Analyzing the Markov Chain Monte Carlo random walks in the parameter space after the convergence of the simulated annealing algorithm provides the mutual dependencies between the fitted parameters $P_i$ and their uncertainties $\delta P_i$. The corner plot of Figure 6 presents the distributions of the relative deviations of fitted parameters $P_i$ from their optimum values $P_i^{opt}$ i.e., $\frac{P_i-P_i^{opt}}{P_i^{opt}}$. The distributions of the individual parameters, from which the standard deviation can be extracted, are also shown. The probability distributions have been normalized to unity in regard to their maximum value (color bar of Figure 6). The correlation coefficients $r$ of every pair of parameters have been calculated and the interdependency has been categorized [54] according to “negligible” for $0 \le \left|r\right| < 0.1$,” weak” for $0.1 \le \left|r\right| < 0.4$, “moderate” for $0.4 \le \left|r\right|<0.7$, “strong” for $0.7 \le \left|r\right| < 0.9$ and “very strong” for $0.9 \le \left|r\right|$.
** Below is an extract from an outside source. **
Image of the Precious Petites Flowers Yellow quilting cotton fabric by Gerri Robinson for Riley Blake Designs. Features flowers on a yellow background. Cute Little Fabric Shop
The probability distributions of pairs between the parameters of $I_{agg}$ i.e., $G_{agg}$, $R_{g,agg}$ and $D_{agg}$ and of $I_{ves}$ i.e., $N_{ves}$, $d_{out}$, $d_{in}$, $D$ and $PDI$ are only shown for clarity. In most cases correlations between parameters are negligible (17 occasions), many of them are weak (16 occasions) and in very few occasions they are moderate (3 occasions). There are no cases of strong or very strong correlation. Moderate correlation appears in the pairs $d_{in}-N_{ves}$, $d_{in}-d_{out}$ and $R_{g,agg}-G_{agg}$. Within these three pairs there is no combination of parameters between different scattering objects. This means that the separate contributions are very independent from each other. It can be safely assumed that the extracted parameters are reliably estimated and the multi-parameter model is justified.

Concentration-normalized SANS profiles are presented in Figure 7 and Figure 8. Non-trivial concentration dependence is found at low q. Specifically, the relative contribution from clusters $I_{0,clust}$ increases as concentration decreases (Table 1) upon dilution. This shows that upon dilution clustering of aggregates is more pronounced. The data of Table 2 shows that in most cases (except from 10 to 30 mg mL⁻¹ at 45 °C for PEO-b-PCL1) the relative mass concentration of vesicles decreases as concentration decreases. This shows that there is an amount of material (either PEO-b-PCL or DPPC phospholipids or both) that leaves the vesicular state. Possibly this material is incorporated in clusters or causes stronger clustering of the initially formed aggregates.

4. Conclusions

In this work the structure of DPPC/PEO-b-PCL mixed liposomes has been investigated by SANS. Uni-lamellar vesicles were formed without the appearance of vesicles of higher lamellarity in contrast to pure DPPC and DPPC/MPOx vesicles of previous studies. Aggregates and clusters were also present in solution and were attributed to random associations of DPPC phospholipids and PEO-b-PCL block copolymer chains. The structure of the mixed liposomes was stable upon temperature increase and concentration changes. It was found that the length of the hydrophobic block of the copolymer affects the vesicles’ number and mass concentration as the PCL block interacts with the tail region of the bilayers. Enhancement of the hydrophobic interactions as temperature increases leads to size increase and polydispersity decrease in compatibility with current theoretical approaches on vesicles morphology. Statistical analysis supports the conclusions derived from the extracted parameters. This investigation shows that PEO-b-PCL can effectively stabilize well-defined uni-lamellar vesicles for delivery of proteins and drugs at the nanoscale.